What if, instead of attending to the wants and needs of the material world (we’ll get to that later), we first choose to be honest with ourselves about our heart’s first priority.  The one thing that would truly break us open with shock and awe if we really got it.  This is usually the thing that we have locked away, that we refuse to look at directly.  It is the thing that we have decided we could never actually have because we don’t believe it exists or because we are unworthy of it.  How much courage does it take to be wholeheartedly sincere and ask for the thing we believe we could never truly receive?

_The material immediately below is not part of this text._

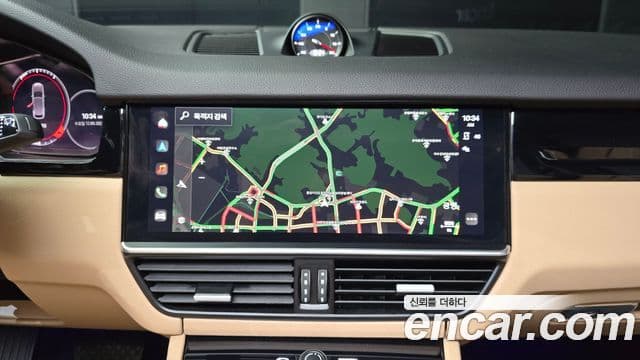 Porsche Cayenne 2023 — Photo 13/30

The heart’s first priority can be surprising.  It might be to feel the love of a parent, to have a real home, to be with a true beloved partner, to be at peace with an event or experience that was unbearably painful or terrifying.  It is a thing that evokes feeling.  When we land with true sincerity upon the heart’s first priority, it is the doorway to our godliness embodied – the kingdom of heaven, the kingdom of God.  When we touch upon it, allow ourselves to feel it, allow the possibility of it to take our breath away, we may feel vulnerable.  There may be tears.  And with the feeling and the tears comes a melting, a softening of the places we have hardened and frozen against the pain of not receiving that which matters most.

What could you ask for, that if you truly receive it, would restore your faith in yourself and in your world?

Once the door is opened, we enter a place of true receiving and can claim what we most wish to have: I claim my father’s love, I own my own true home, I have my beloved partner, I am the source of my everlasting peace.  We melt into the heaven of receiving, owning everything that is there for us to simply let in.

Now from the kingdom of your own personal heaven, you are ready to allow your God (or whatever you want to call it) to provide for you all that you need.  Not necessarily all that you think you want.  All that you need so that you can be fully present and alive and if you dare to ask, so that you can turn your attention toward the next question: What am I here to be?  What is there for me to do now that my needs are met?